Telling me “No” wasn't a problem as they took turns doing exactly that. One after another after another and I just kept taking the punches while flashing a bloodied mouth smile. I can take this work all day. My persistence is greater than their resistance. I just needed to get into the room with an interviewer so I could sell myself.
Then one day, I got invited for an interview. Walking into that office the man inside stood and offered his hand. Gripping it I pulled him a half inch towards me and thanked him for taking the time to see me. I then proceeded to sell myself using the good, the bad and the extremely ugly.
I put it all on the table.
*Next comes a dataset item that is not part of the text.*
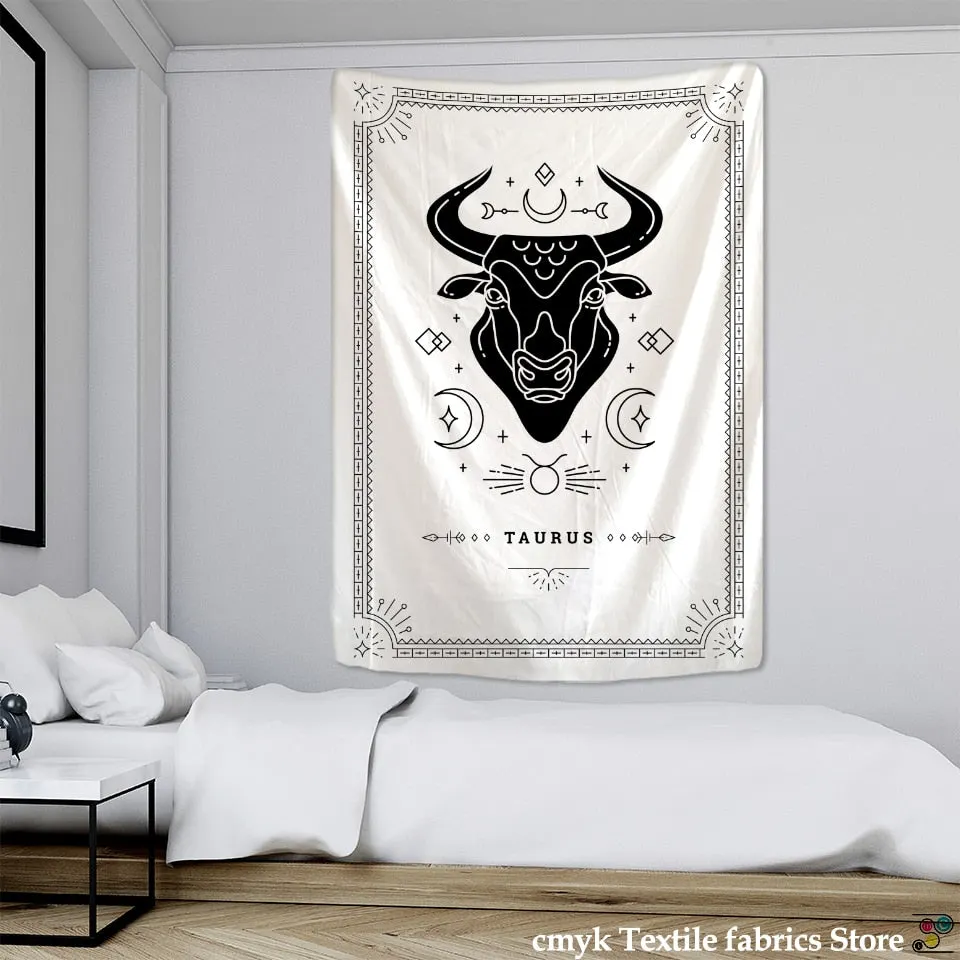 Divination Tarot Tapestry Wall Hanging Constellation Mandala Psychedelic Good Luck Hippie Witchcraft Room Home Decor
Had this been a fight, it would've been one where the exertion left me coughing up blood afterwards. I brought all of my charm and aggressiveness and everything in between into that room. An interview that ended with a second handshake asking “when can you start?”.
Go to work, go to work, go to work.
Now I wear a suit and I don't have to break my back any longer. My bills are paid, some many months ahead. I have savings and investments and property. We're by no means rich yet my wife and kids want for nothing. My fridge and pantry never run dry. But most of all, I don't feel that force pulling me backwards any longer. I actually enjoy what I do. Turns out I was meant for sales.
That voice had been telling me all along what I needed to do, I just needed the desperation and anger to see what the message actually meant.
Go to work, go to work, go to work.
I am zero% surprised you found a place in sales. It often (sometimes justifiably) has a bad rep, but once you get past the garbage about "selling snow cones to Eskimos," success boils down to making personal connections with other people, identifying their needs, and telling a compelling story about how you/your product can help them. You've got the story-telling mastered and I suspect you radiate transparency, which earns trust. That's a winning combination.
Knocked another one out of the park.
Made me think of Emmet Dalton, the youngest member of the Dalton Gang who hit the wall at Coffee, Kansas. He was the only survivor but had 23 bullet holes. Sentenced to life but was pardoned because he was just a kid, married his sweetheart, moved to California, and became wealthy in real estate and consulting western movies.
He was Grand Marshal at the parade commemorating the robberies, and lectured that he had made much more money in his post-prison endeavors than as an outlaw.